WORK INSTRUCTION: Look through the entries below for the line with "Mann lacht und" and the line with "Rusry vintage car standing in the yard Rusry", then give again exactly those two lines and all lines between them, minus the pictures.

INFORMATION SUPPLIED:

┌──

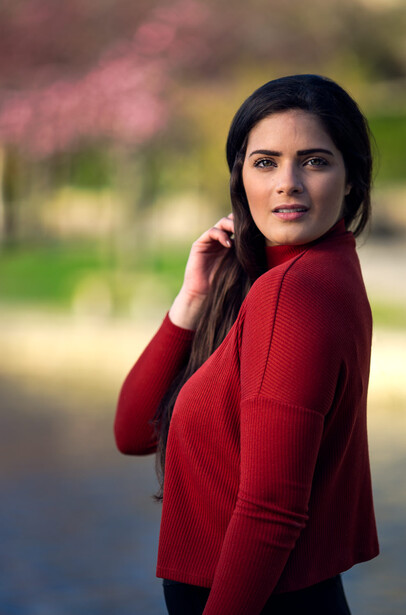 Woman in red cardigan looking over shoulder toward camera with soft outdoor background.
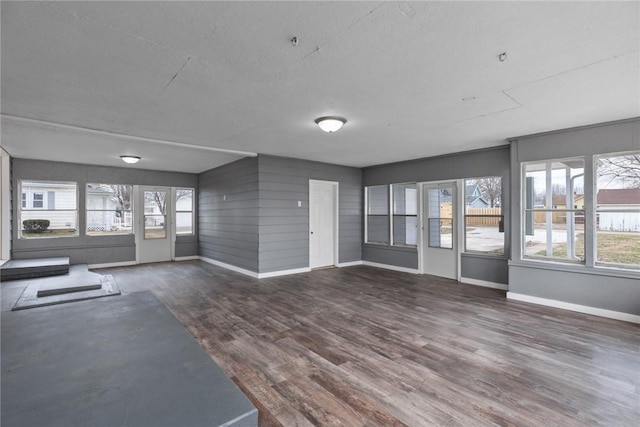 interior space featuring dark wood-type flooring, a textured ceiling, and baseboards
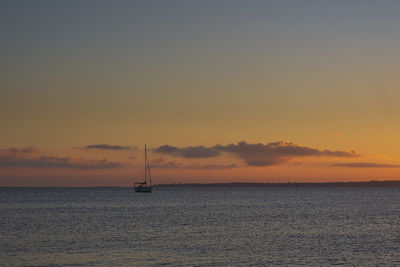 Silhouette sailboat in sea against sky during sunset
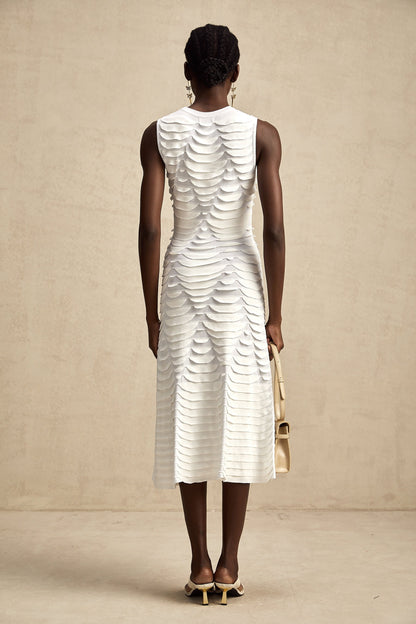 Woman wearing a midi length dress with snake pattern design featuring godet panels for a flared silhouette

└──
┌──

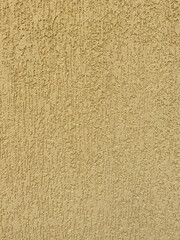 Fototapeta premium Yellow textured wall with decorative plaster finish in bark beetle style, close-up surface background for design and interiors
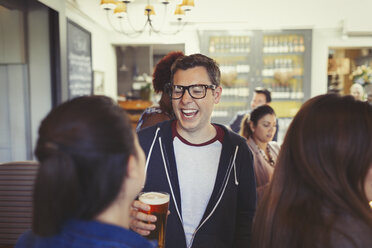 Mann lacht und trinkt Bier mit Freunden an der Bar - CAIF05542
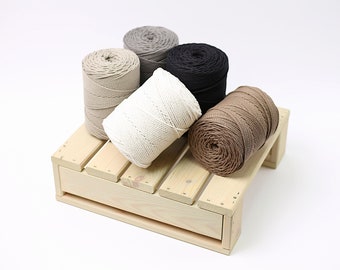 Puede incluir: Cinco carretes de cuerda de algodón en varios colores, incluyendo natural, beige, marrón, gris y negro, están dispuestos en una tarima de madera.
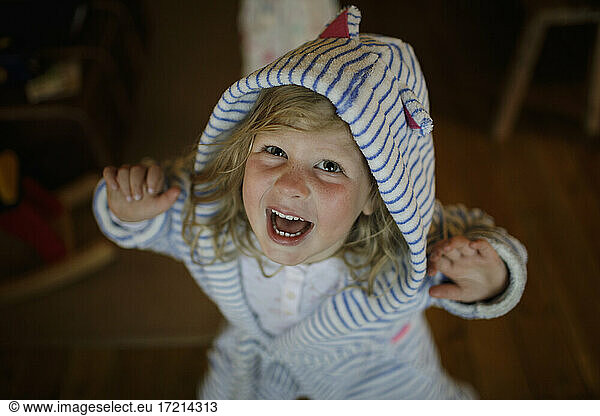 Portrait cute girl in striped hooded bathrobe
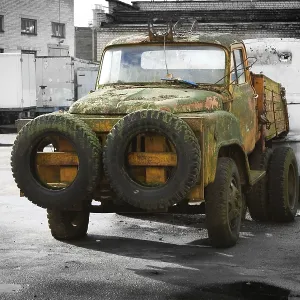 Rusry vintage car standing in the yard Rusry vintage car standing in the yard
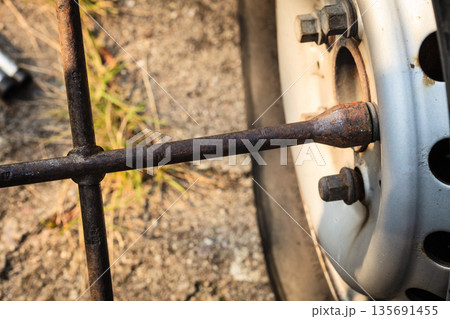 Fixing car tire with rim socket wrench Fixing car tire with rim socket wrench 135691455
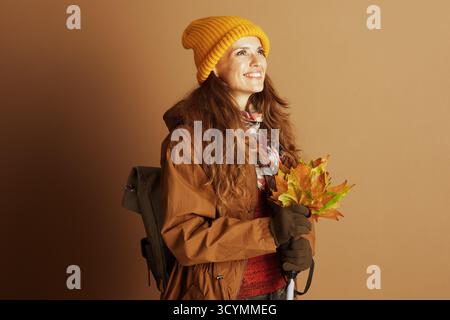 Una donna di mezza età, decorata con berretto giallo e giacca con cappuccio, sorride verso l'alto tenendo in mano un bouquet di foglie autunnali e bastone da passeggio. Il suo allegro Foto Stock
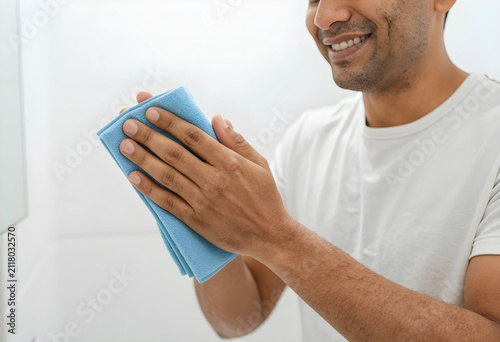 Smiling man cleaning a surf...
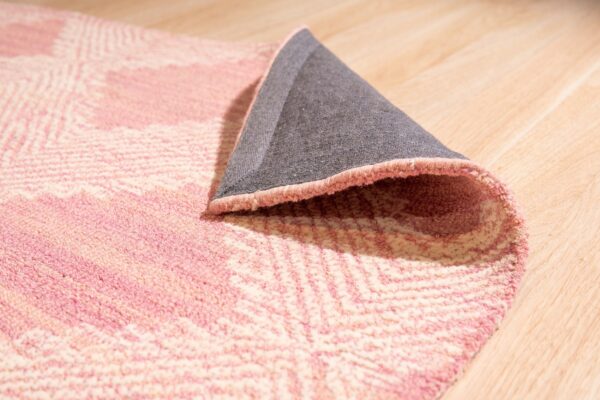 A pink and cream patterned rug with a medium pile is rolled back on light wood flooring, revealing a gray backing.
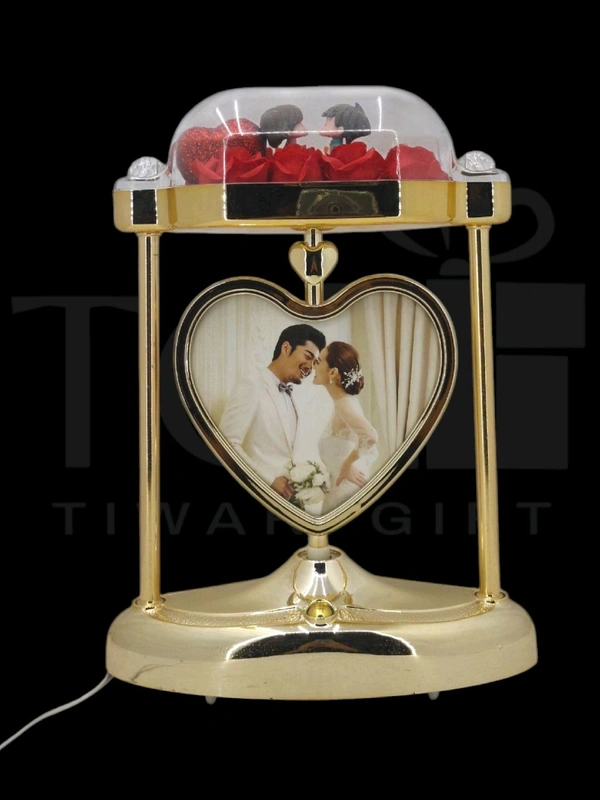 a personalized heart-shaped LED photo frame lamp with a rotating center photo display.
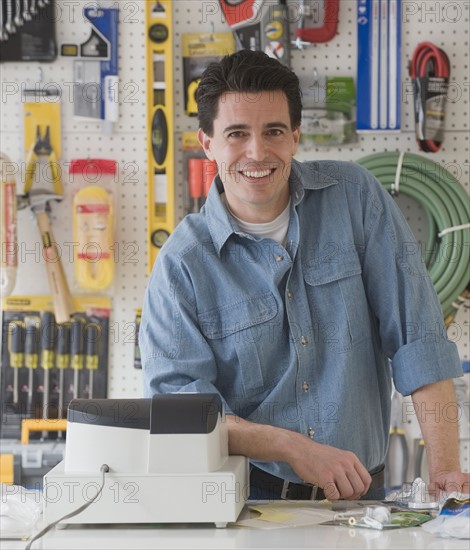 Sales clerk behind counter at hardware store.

└──

RESULT OF THIS TASK:
 Mann lacht und trinkt Bier mit Freunden an der Bar - CAIF05542
 Puede incluir: Cinco carretes de cuerda de algodón en varios colores, incluyendo natural, beige, marrón, gris y negro, están dispuestos en una tarima de madera.
 Portrait cute girl in striped hooded bathrobe
 Rusry vintage car standing in the yard Rusry vintage car standing in the yard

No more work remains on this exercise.